Смертоносность войн с 1400 г. выросла (см. рис. 5–16) главным образом из-за введения воинской повинности — способа непрерывного снабжения армий пушечным мясом. Ко времени Наполеоновских войн в большинстве европейских стран уже применялись различные формы призыва в армию. Отказ от службы по убеждению вряд ли существовал даже в виде идеи, а методы вербовки были гораздо менее мягкими, чем пугавшие американских юношей в 1960-х телеграммы, начинавшиеся со слова «приветствуем». Идиома «pressed into service» («принудить к службе») произошла от выражения «press gang» («банда вербовщиков»). Так назывались шайки костоломов, которым правительство платило, чтобы они похищали мужчин прямо с улиц и силком отправляли их в армию или на флот. Континентальный флот времен Американской революции почти полностью был набран такими методами[645]. Обязательная военная служба могла забирать значительную часть жизни мужчины — порой до 25 лет, как для отданного в солдаты крепостного крестьянина в России XIX столетия.

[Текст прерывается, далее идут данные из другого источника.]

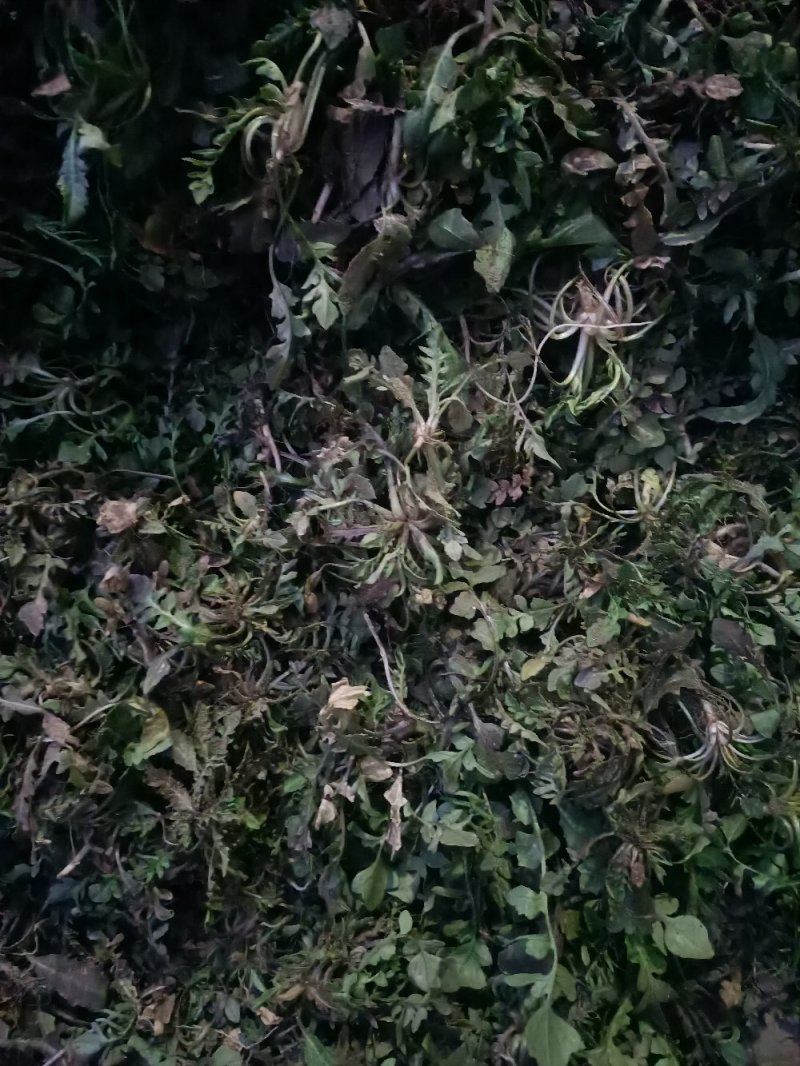 山东精品野生荠菜，更香味更好吃，支持视频看货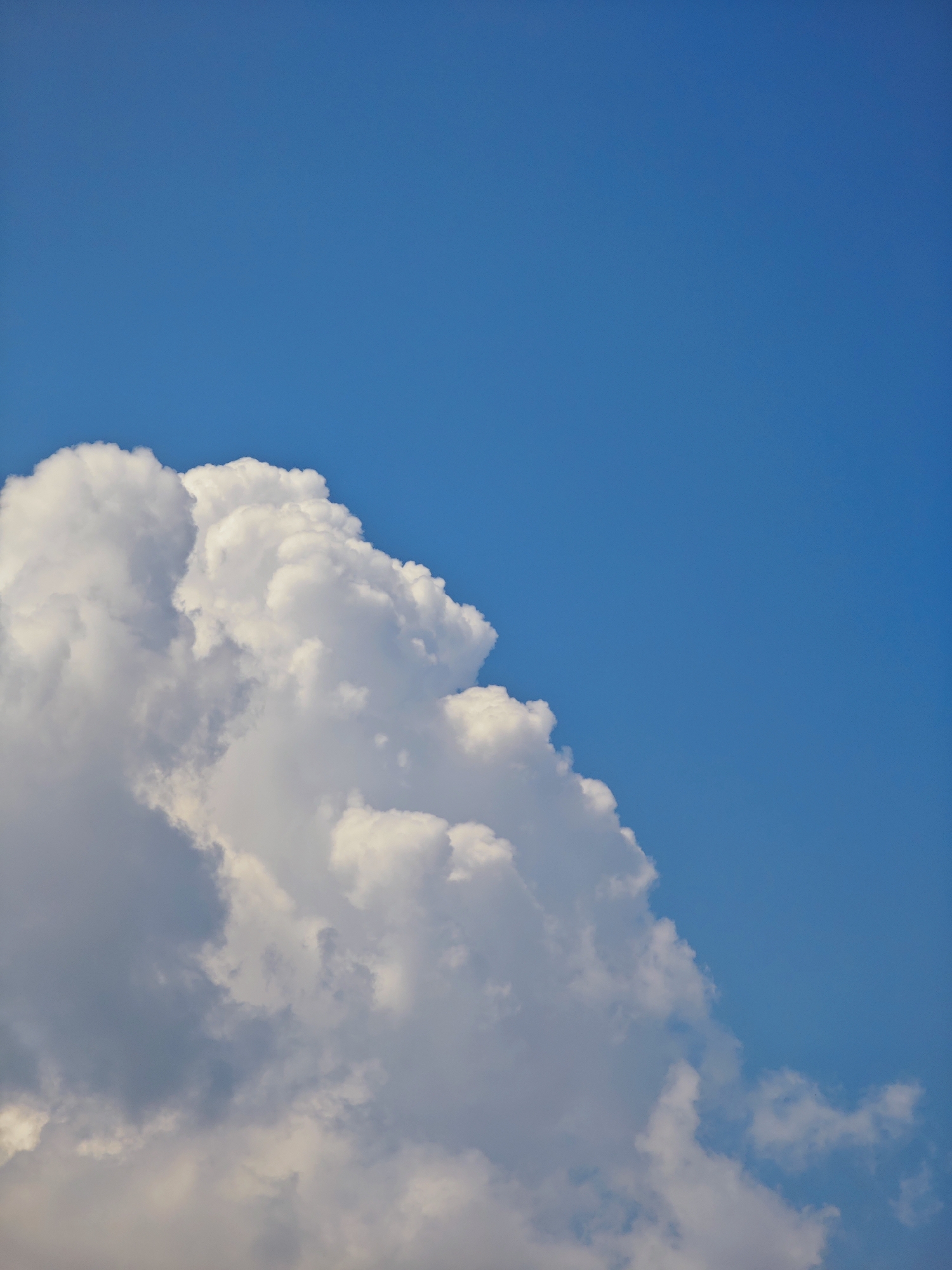 The image shows a partially cloudy blue sky. In the lower left quadrant, a large cumulus cloud dominates the frame, its fluffy white mass contrasting with the deep blue of the sky. The cloud appears bright and textured, with areas of light and shadow suggesting depth. The rest of the image is clear blue sky. No people, objects, or buildings are visible. The scene depicts a natural outdoor environment. The location in Pogodaevo, Russia, is not visually discernible from the image itself.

Призыв в армию — насилие в квадрате: людей силой заставляют служить, а служба в армии резко повышает вероятность смерти или увечья. Во времена, когда непосредственной внешней угрозы нет, объем призыва — мерило готовности государства санкционировать применение силы. После Второй мировой срок обязательной военной службы во всем мире постепенно снижался. В США, Канаде и большинстве европейских стран обязательный призыв отменили полностью, в других государствах сохранили скорее для формирования чувства гражданской общности, чем для обучения боевым навыкам[646]. Пейн собрал статистику по срокам службы по призыву между 1970 и 2000 гг. в 48 развитых государствах; я добавил данные за 2010 г. и внес их в график 5–19. Мы видим, что обязательный призыв стал выходить из употребления еще до того, как в конце 1980-х завершилась холодная война. В 1970 г. только 19 % из этих 48 государств обходились без обязательного призыва, уже в 2000 г. их доля достигла 35 %, в 2010 г. — 50 %, а скоро превзойдет и 50 %, потому что как минимум две страны (Польша и Сербия) планируют отменить его в начале 2010-х[647].

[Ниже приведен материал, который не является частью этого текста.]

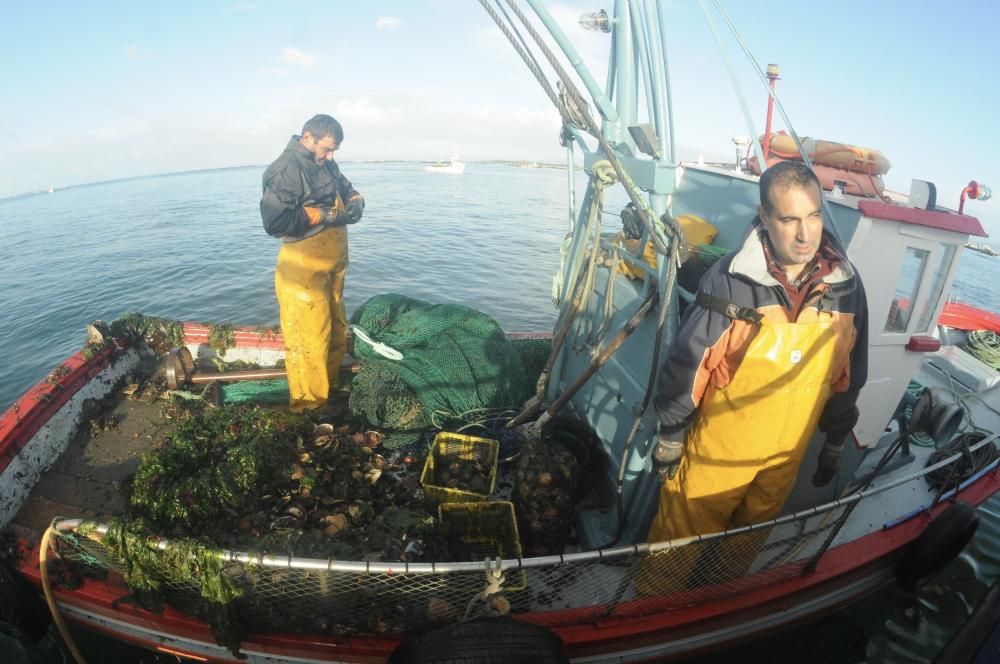 Así comenzó la temporada de la volandeira y la zamburiña en la ría de Arousa // Iñaki Abella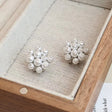 Silver Grapes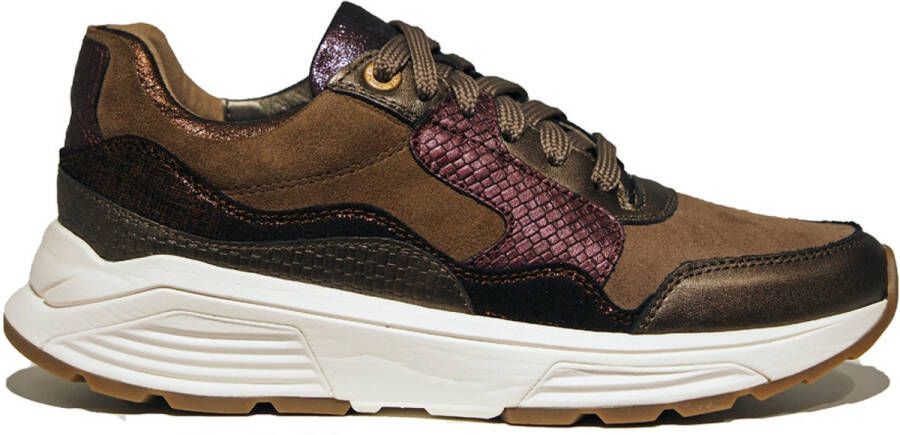 Xsensible Golden Gate Lady 33000.2 396 bronze combi Bruin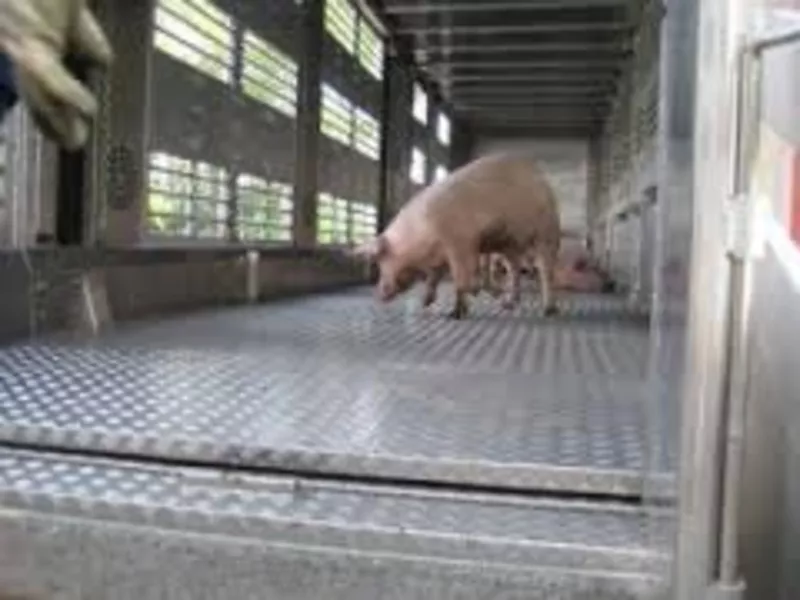 Надаемо послуги з перевезення свиней спецтранспортом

Еще один индикатор воинственности — размер вооруженных сил страны по отношению к количеству населения, причем неважно, набирают ли солдат по призыву или с помощью телерекламы, обещающей добровольцам, что армия поможет им реализовать себя. Пейн показал, что доля населения, которую страна ставит под ружье, — лучший индикатор поддержки ею милитаристской идеологии[648]. После Второй мировой войны США объявили демобилизацию, но быстро нашли себе нового врага в ходе холодной войны и так не сократили свои вооруженные силы до довоенного уровня. Однако рис. 5–20 показывает, что с середины 1950-х доля военнослужащих по отношению к количеству населения США постоянно снижалась. В Европе сокращение вложений человеческого капитала в военный сектор началось еще раньше.